Should You Upgrade to the New Adobe Captivate? Here’s How to Make It Easy — and Make Your Case to Management

If you’re the person on your team who knows Captivate Classic inside and out, you’ve probably earned that reputation the hard way. You’ve learned the quirks, solved the weird issues, and figured out how to get projects across the finish line even when the tool made things harder than they needed to be.

Now you’re looking at the new version of Adobe Captivate and wondering:

  • Should I upgrade?
  • How hard will this be?
  • What happens to my Captivate Classic projects? (Will I need to redo them?)
  • How do I convince management that leaving Classic for the new Captivate is the right move?

Those are exactly the right questions — and the good news is, the answers are better than most people expect.

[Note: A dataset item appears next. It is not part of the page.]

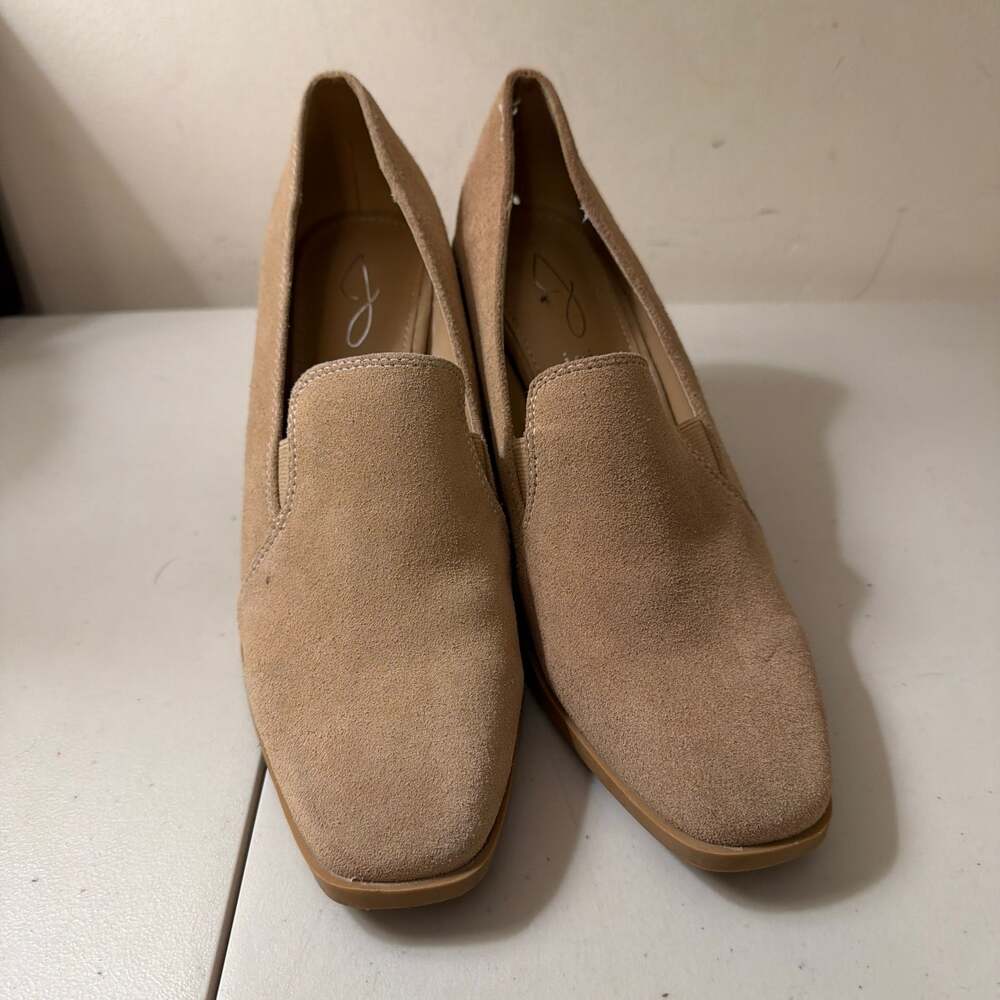 Size 8 Women Joie Wevenly Tan Suede Block Heel Square Toe Loafer Pumps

First, yes — I strongly encourage the move from Captivate Classic (CpC) to Adobe Captivate (Cp13).

Captivate Classic had a long, successful run, but it’s clearly legacy software now. Captivate 13 is where active development is happening, especially around modern device compatibility and streamlined workflows. Adobe has also indicated that an upgrade path from Classic is planned, and I’m hopeful we’ll see meaningful progress on that this year. That’s a strong signal about long-term direction.

The next concern is usually difficulty. This is where teams are genuinely surprised.

Captivate 13 is far easier to use than Captivate Classic.

The interface is cleaner. Workflows are more logical. There’s less digging through panels and fewer “why is this so complicated?” moments. Tasks that once required deep Classic knowledge now feel more straightforward. Instead of wrestling with settings, you spend more time actually building learning experiences. That’s not just a usability win — it’s a productivity and morale win.

So how do you move forward without creating fear or disruption?

The most effective approach is not a big, dramatic cutover. It’s a smart, phased shift:

Keep maintaining legacy projects in Classic. There’s no need to disrupt what already works.

Start all new projects in Captivate 13. This prevents your Classic backlog from growing.

Choose one pilot project. Pick something important but low risk, and use it to build internal familiarity and standards.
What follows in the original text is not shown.